In terms of its home market, where NCI operates eight manufacturing plants supplying metal and plastics packagings to the paints, chemicals, aerosol, industrial and food packaging sectors, managing director Michael Tyrrell reports that demand “was generally flat across major segments” with sales revenues falling slightly to A$131m. “Last year’s changes to imported tinplate supply saw the remaining sheeting volumes move offshore. Cost pressures emerged for key inputs, including raw materials, freight and energy. Escalating commodity prices particularly impacted on global steel prices with a significant price increase advised for tinplate late in the second half,” he explains, adding that operating costs were also higher due to the implementation of a new ERP system.
Across the Tasman Sea in New Zealand, where NCI maintains three plants producing metal cans, drums and closures, the company saw its sales fall 14 per cent to A$37m, “reflecting the withdrawal from selected export markets made unprofitable by the strong local currency”. Despite this, earnings “recovered after the difficulties of the previous year with operating costs coming under improved control” and one-off costs “associated with the closure of a manufacturing site and consolidation of operations at an existing company site” amounting to A$1.4m after tax.
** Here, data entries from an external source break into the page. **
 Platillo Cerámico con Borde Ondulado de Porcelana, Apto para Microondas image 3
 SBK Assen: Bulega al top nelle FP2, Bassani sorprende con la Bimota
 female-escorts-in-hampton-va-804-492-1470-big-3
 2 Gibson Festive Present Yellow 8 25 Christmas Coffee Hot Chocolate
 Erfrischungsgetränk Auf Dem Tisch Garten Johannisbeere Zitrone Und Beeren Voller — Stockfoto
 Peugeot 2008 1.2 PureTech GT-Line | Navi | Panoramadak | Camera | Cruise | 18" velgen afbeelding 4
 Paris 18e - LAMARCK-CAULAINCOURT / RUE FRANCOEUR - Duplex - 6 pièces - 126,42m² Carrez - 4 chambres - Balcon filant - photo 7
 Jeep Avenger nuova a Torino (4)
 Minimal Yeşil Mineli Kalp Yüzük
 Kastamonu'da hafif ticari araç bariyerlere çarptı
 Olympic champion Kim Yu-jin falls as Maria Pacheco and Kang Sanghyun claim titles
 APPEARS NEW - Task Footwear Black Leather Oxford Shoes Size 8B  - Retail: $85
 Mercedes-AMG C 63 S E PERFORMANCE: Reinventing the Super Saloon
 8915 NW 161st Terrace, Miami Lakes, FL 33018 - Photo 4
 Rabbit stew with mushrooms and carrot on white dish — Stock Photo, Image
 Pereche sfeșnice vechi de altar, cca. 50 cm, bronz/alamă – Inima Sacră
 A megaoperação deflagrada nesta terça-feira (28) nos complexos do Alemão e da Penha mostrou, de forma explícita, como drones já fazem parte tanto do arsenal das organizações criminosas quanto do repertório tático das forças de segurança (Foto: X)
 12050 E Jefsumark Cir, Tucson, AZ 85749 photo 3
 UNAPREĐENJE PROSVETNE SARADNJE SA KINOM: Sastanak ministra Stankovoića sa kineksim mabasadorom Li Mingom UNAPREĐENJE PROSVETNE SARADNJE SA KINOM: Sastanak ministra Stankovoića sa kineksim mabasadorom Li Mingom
Sales and earnings were also lower than the previous year in Fiji, where the company operates a steel can and drum manufacturing plant in Suva. Tyrrell puts this down to “continued sluggish post-coup economic activity”. However, things were somewhat better in Papua New Guinea, where NCI operates a steel can, drum and closure manufacturing facility in Lae. Clocking up a sales increase of 30 per cent there, the company benefited from “a surge in mining and exploration activity” that boosted demand for petroleum drums and resulted in higher volumes and corresponding earnings “despite a strong rise in distribution costs”.
NCI also achieved its targeted reductions in lost-time accidents and injury rates, “building on the sustained improvement in the company’s overall OH&S performance in recent years”. The overall financial position of the company also remains strong, with Tyrrell revealing that net working capital rose over the year by A$6m “as the creditor’s level returned to normal after the transition to imported tinplate purchases on extended payments terms was completed”.
Regarding the future, he reports that “market conditions look uncertain with forecasts of a slowdown in Australia and deteriorating conditions already evident in New Zealand”. On top of this, “significant raw material price increases for tinplate and plastic resin have been advised which could impact demand for some products and place pressure on margins”. On the whole, while “the benefits from recent capital expenditure and plant rationalisations are expected to counter some of the downside risks”, the company’s directors do not anticipate seeing any noticeable improvement in earnings next year.